= Lake Chad Basin Commission =

Intergovernmental organization overseeing the Lake Chad Basin

The Lake Chad Basin Commission (LCBC or CBLT in French) is an intergovernmental organization that oversees water and other natural resource usage in the basin. There are eight member governments—i.e., Cameroon, Chad, Niger, Nigeria, Algeria, the Central African Republic, Libya, and Sudan—chosen for their proximity to Lake Chad.

The organization's secretariat is located in N'Djamena, Chad. The LCBC is Africa's oldest river or lake-basin organization. In its founding document (the Convention and Statutes relating to the Development of the Chad Basin) the parties commit themselves to a shared use of the basin's natural resources. It is a member of the International Network of Basin Organizations (INBO).

==History==

The Lake Chad Basin Commission was created in 1964 by the four countries bordering Lake Chad: Cameroon, Chad, Niger and Nigeria. The Republic of Central Africa joined the organization in 1996, Libya was admitted in 2008. Observer status is held by Sudan, Egypt, the Republic of Congo and the Democratic Republic of Congo. The aims of the commission are to regulate and control the use of water and other natural resources in the basin and to initiate, promote, and coordinate natural resource development projects and research.

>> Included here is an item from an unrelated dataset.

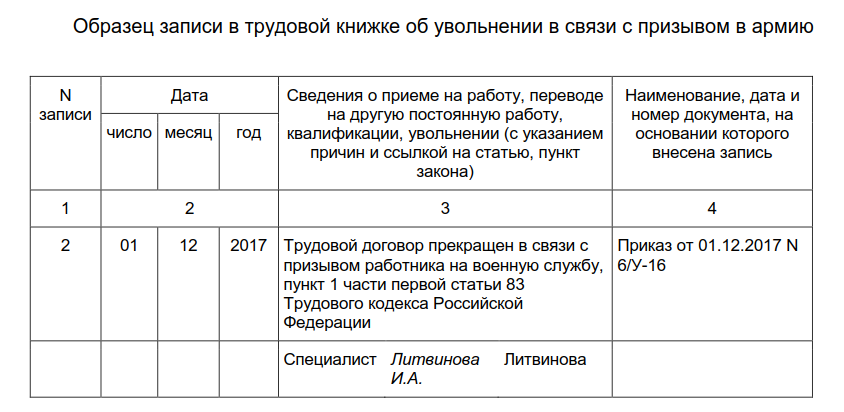 Заявление на увольнение по призыву в армию образец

==Membership and funding==

Hydrologically, the Chad Basin (not all of which feeds Lake Chad) includes eight countries, which, in descending area of land, included are: Chad, Niger, the Central African Republic, Nigeria, Sudan, Algeria, and Libya.

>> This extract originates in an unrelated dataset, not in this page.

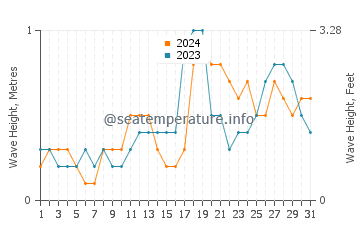 Waves height in San Pedro Sula in October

Cameroon, Niger, Nigeria and Chad (the four countries directly containing parts of Lake Chad and its wetlands) signed the Fort Lamy (today N'Djamena) Convention on May 22, 1964, which created the Lake Chad Basin Commission. The Central African Republic joined in 1996, and Libya joined in 2008. Sudan was admitted in July 2000, but has observer status because it has not ratified the founding convention. Algeria has not yet participated, but will eventually be interested in such in the future.

The other countries with observer status are Egypt—in the neighboring Nile Basin—and the Republic of Congo and the Democratic Republic of Congo which are fed by the Ubangi River being considered for diversion into Lake Chad.

The member countries fund the commission's $1 million annual budget based on an agreed-upon formula: Nigeria 52%, Cameroon 26%, Chad 11%, Niger 7%, the Central African Republic 4%.

==Activities==

The commission's Basin Committee for Strategic Planning (BCSP), coordinates local activities between the member states.

The LCBC controls the hydro-active regions in the Chad Basin, called the Conventional Basin. The initial Conventional Basin consisted of approximately 427,500 km^{2} of the total area of the Chad basin in 1964. The definition says it excluded the majority of the terminal depression consisting of desert that provides little or no effective hydrological contribution to the Conventional Basin. This was subsequently expanded to include additional watersheds in northern Nigeria, southern Chad, and northern Central African Republic, with a current total area of 967,000 km^{2}.

Some projects of the LCBC member countries are linked with the GEF program. In November 2002, the LCBC signed a Memorandum of Understanding with the Bureau of the Ramsar Convention on Wetlands. In July 2000, Lake Chad was declared a Transboundary Ramsar Site of International Importance). The aim is to create a network of national and regional conservation areas in the Chad Basin and to set up institutions dedicated to their sustainable management. In this connection the Chad Wetlands Initiative (CHADWET) was launched in June 2003, organized by the Ramsar Bureau and its Mediterranean Coordination Unit. With the support of MEDWET (Mediterranean Wetlands), the Mediterranean branch of the Ramsar Convention, and its Coordination Unit, CHADWET is set to be developed on the model of MEDWET, again in the framework of the GEF program. With a view to obtaining funding, there were plans to present the CHADWET to the Ramsar Conference in November 2005 as a Ramsar Regional Initiative.